In the United States, the Biden administration has been pushing forward a $1 Trillion Infrastructure Bill to fund much needed improvements across the country.
It would fund clean energy, transportation, and many other things I care about.
To top it all off with warm fuzzies, there seems to be lots of bi-partisan support on Hill to make sure it passes. Not every day you see America’s two parties play nice together!
But big spending bills need money to fund them. Some legislators believe that they can get $28 Billion from the blockchain/cryptocurrency industry by changing the definition of a “broker”.
From the EFF:
While the language is still evolving, the proposal would seek to expand the definition of “broker” under section 6045(c)(1) of the Internal Revenue Code of 1986 to include anyone who is “responsible for and regularly providing any service effectuating transfers of digital assets” on behalf of another person. These newly defined brokers would be required to comply with IRS reporting requirements for brokers, including filing form 1099s with the IRS. That means they would have to collect user data, including users’ names and addresses.

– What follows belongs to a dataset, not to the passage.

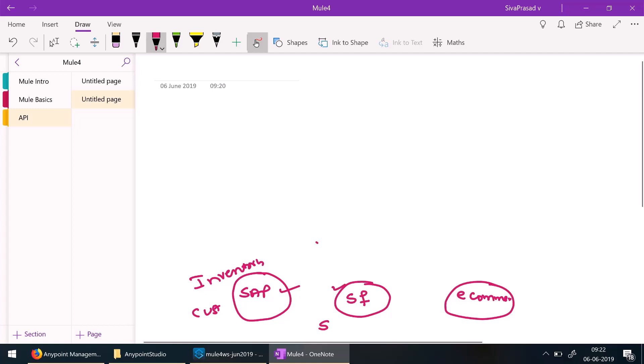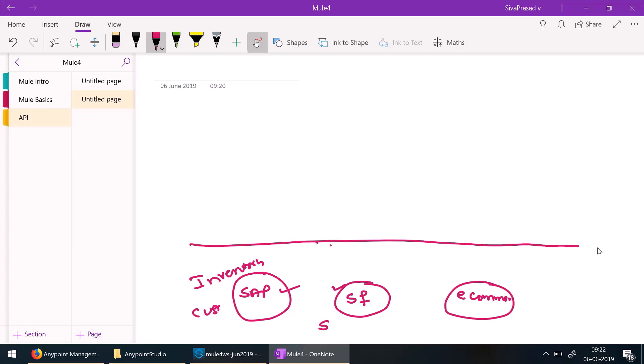This is your backend asset — SAP, Salesforce, and an e-commerce-based system storing order-related data are all assets to your organization. Let us assume your organization has these underlying assets, and one of your business units came up with a requirement: they want a web application for seeing order status and order history. Once there is a requirement from your business, a team can be formed to develop that web application.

The broad, confusing language leaves open a door for almost any entity within the cryptocurrency ecosystem to be considered a “broker”—including software developers and cryptocurrency startups that aren’t custodying or controlling assets on behalf of their users. It could even potentially implicate miners, those who confirm and verify blockchain transactions. The mandate to collect names, addresses, and transactions of customers means almost every company even tangentially related to cryptocurrency may suddenly be forced to surveil their users.
This bill was clearly written by someone who doesn’t understand the technology or the industry. These blockchain technologies are by nature, secure, anonymized, and global.

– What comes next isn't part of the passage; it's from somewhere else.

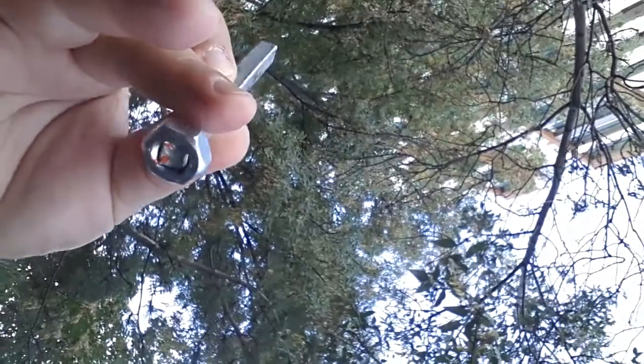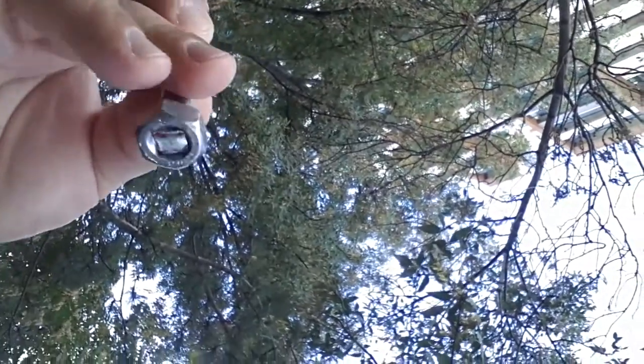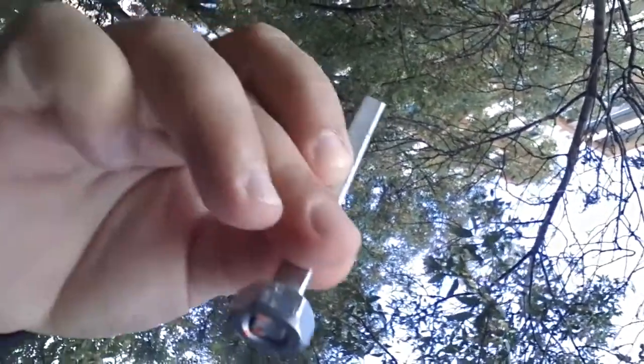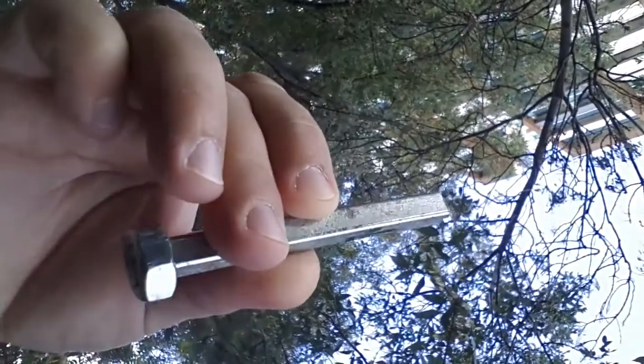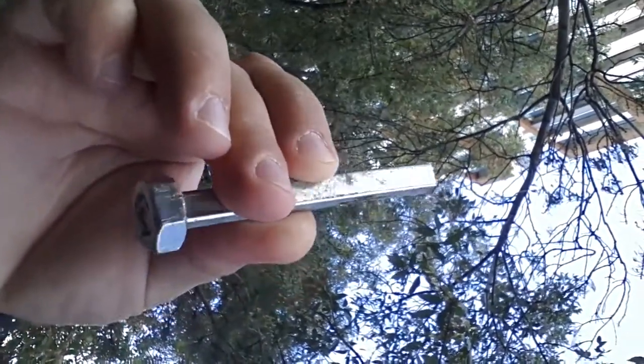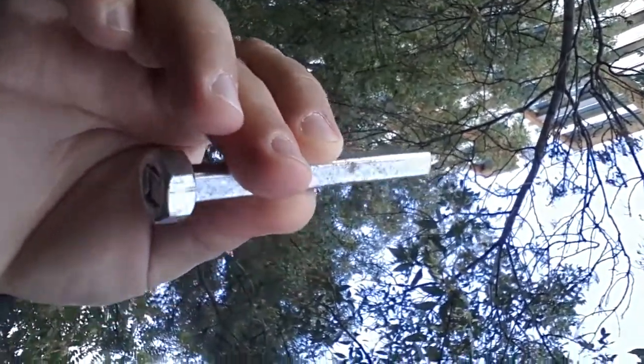Now let's see if our homemade plug removal tool fits the sump plug. Let's test it.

The correct way to tax this industry is to monitor the on/off ramps when users take their crypto gains and convert them back into USD. Many inside the industry have been asking the IRS to do just that for years now.
The only thing this provision would accomplish would be driving the entire industry out of the United States.
Thankfully, there are a few senators that get it. A bipartisan amendment was proposed by Senators Ron Wyden, Cynthia Lummis, and Pat Toomey that would fix this language, keep the tax money flowing, and protect the industry.
For some political reasons I can only speculate on, this amendment isn’t getting the support it needs.
Do me a favor, call your senators, and tell them to support the amendment. I just did and it took less than a minute.
Be nice, pleasant and professional. It’s important that this hastily written draft doesn’t become law.